-- Opening Marker --

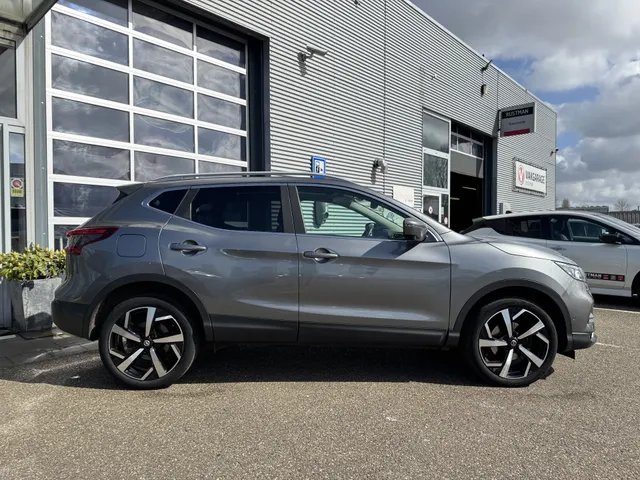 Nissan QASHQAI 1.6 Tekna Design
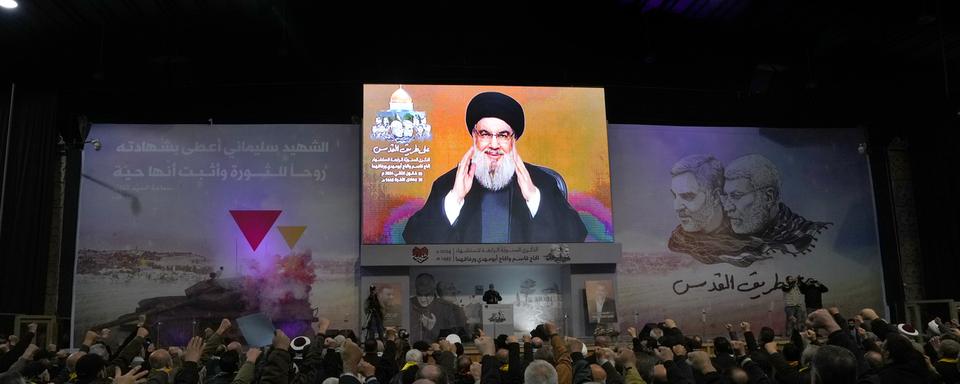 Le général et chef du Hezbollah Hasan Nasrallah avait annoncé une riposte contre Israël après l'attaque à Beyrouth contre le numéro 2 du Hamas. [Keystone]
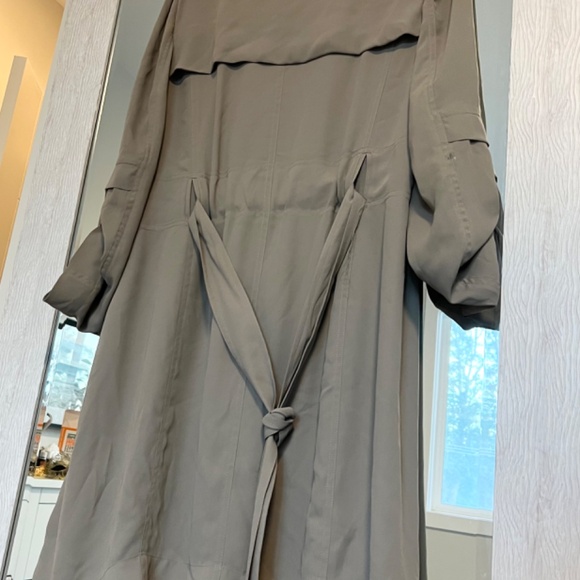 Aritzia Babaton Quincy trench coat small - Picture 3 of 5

-- Closing Marker --

Return the material above verbatim, minus the pictures.

 Nissan QASHQAI 1.6 Tekna Design
 Le général et chef du Hezbollah Hasan Nasrallah avait annoncé une riposte contre Israël après l'attaque à Beyrouth contre le numéro 2 du Hamas. [Keystone]
 Aritzia Babaton Quincy trench coat small - Picture 3 of 5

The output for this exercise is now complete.